Zimbabweans vote overwhelmingly in favour of new constitution
Charter limits future presidents to two five-year terms
Zimbabwean president Robert Mugabe and his wife, Grace, attending the inauguration Mass for Pope Francis in St Peter’s Square in Vatican City yesterday. Photograph: Peter Macdiarmid/Getty Images
Zimbabwean president Robert Mugabe chose to attend the inauguration of Pope Francis in Rome yesterday rather than stay at home and witness the outcome of a referendum in which voters overwhelmingly accepted a new constitution.
At noon in Harare, as Mr Mugabe was preparing to attend the new pontiff’s official appointment, the Zimbabwe electoral commission confirmed that almost 95 per cent of Zimbabweans who cast their ballot on Saturday voted in favour of the charter.
Presidential term limits
The new constitution, which was three years in the making, limits future presidents to two five-year terms, reduces their powers significantly, and abolishes the position of prime minister.
However, the clause that limits presidential terms does not apply retrospectively. So Mr Mugabe (89) could feasibly serve as Zimbabwe’s president for 10 more years.

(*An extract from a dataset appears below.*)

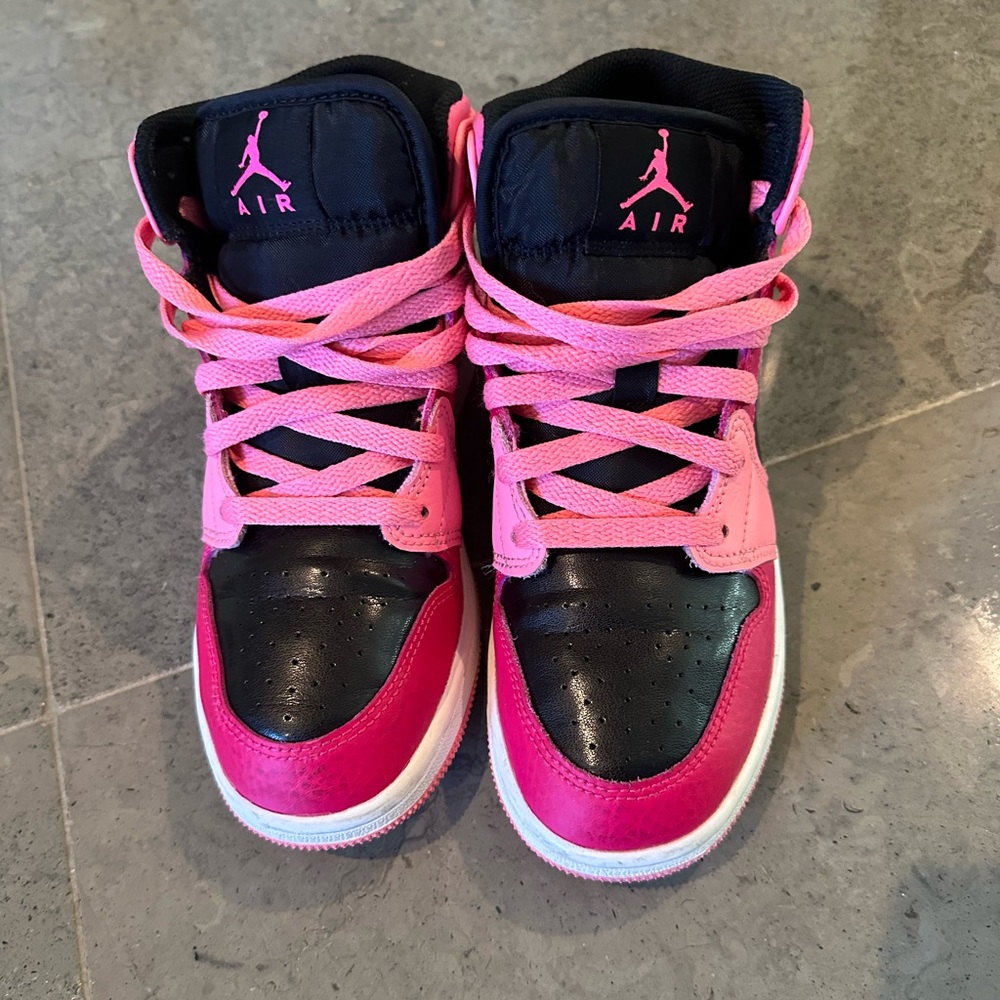 Girls Nike Air Jordan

The referendum result paves the way for a general election later this year that will end the country’s stalled powersharing arrangement.

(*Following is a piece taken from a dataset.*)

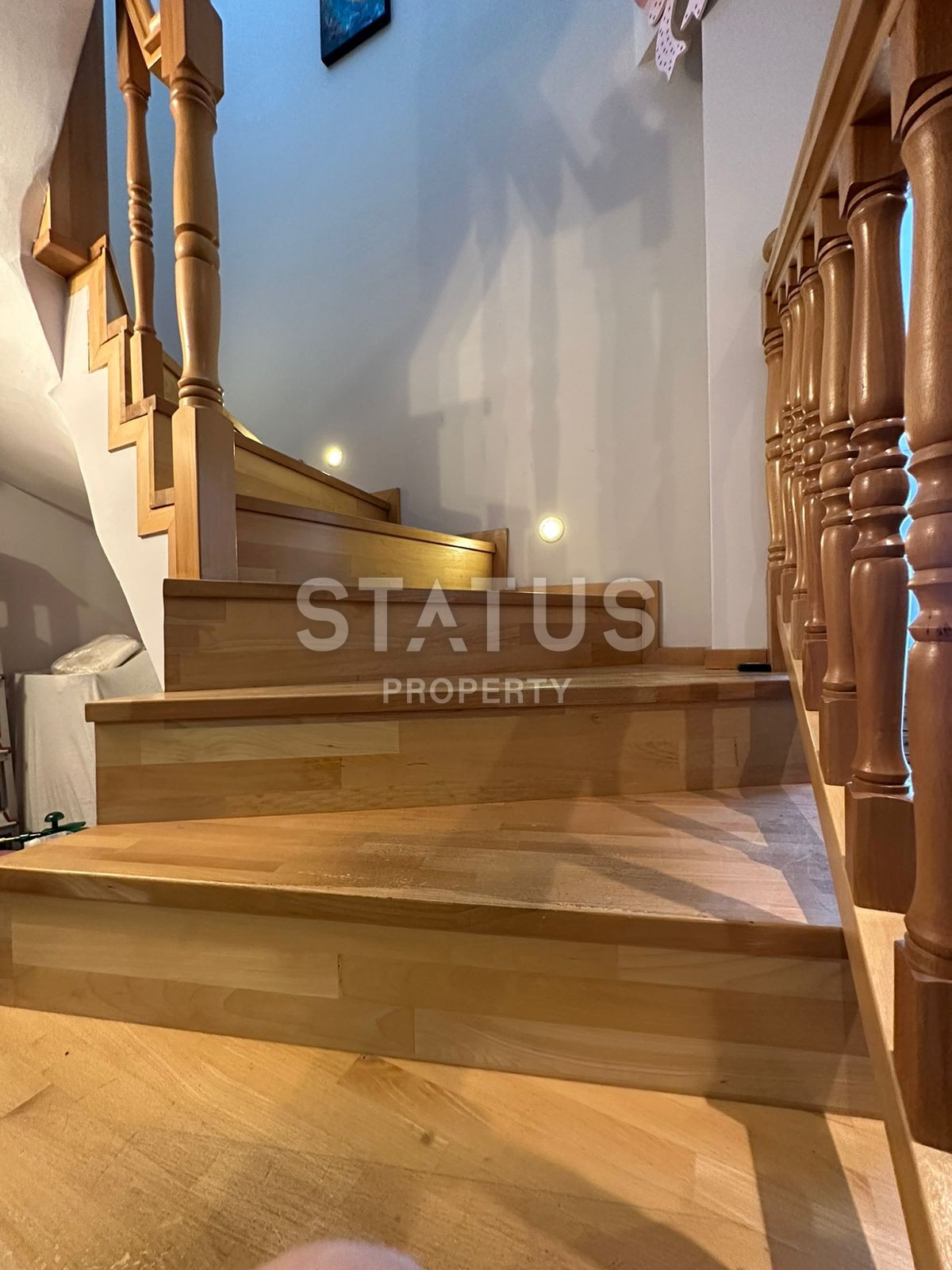 Duplex 3+1 with sea view! Suitable for residence permit! фото 21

The powersharing deal between Mr Mugabe’s Zanu-PF and Zimbabwean prime minister Morgan Tsvangirai’s Movement for Democratic Change (MDC) was put in place to resolve disputed elections in 2008 that were marred by state-sponsored violence.
All the main political parties in the country canvassed for a Yes vote in the run-up to Saturday’s referendum. The official turnout at polling stations was slightly more than half the six million people eligible to vote, which was higher than most analysts had expected.

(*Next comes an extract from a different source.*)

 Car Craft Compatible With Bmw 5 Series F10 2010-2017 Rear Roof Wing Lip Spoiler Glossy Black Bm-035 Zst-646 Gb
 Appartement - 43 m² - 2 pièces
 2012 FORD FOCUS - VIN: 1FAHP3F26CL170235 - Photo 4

Now all eyes will turn to the general election, expected to take place in June or July.
The MDC and civil society groups have warned that state-sponsored violence and intimidation of their members are on the increase again, which does not bode well for a peaceful poll.
While the referendum was hailed by the US and regional observers as peaceful and credible, four senior aids of Mr Tsvangirai’s were arrested by police on polling day. They were charged yesterday with breaching the official secrets code, impersonating the police, and illegal possession of documents for criminal use.
Despite the referendum’s importance, Mr Mugabe, a devout Catholic, ignored a European travel ban in place against him since 2002 and flew to Rome on Monday so he could witness the inauguration.
A technicality allows Mr Mugabe to enter Europe if he is en route to the Vatican, which is not subject to European law.
Pope Francis belongs to the Jesuit order, and Mr Mugabe was educated at one of its mission schools in Zimbabwe.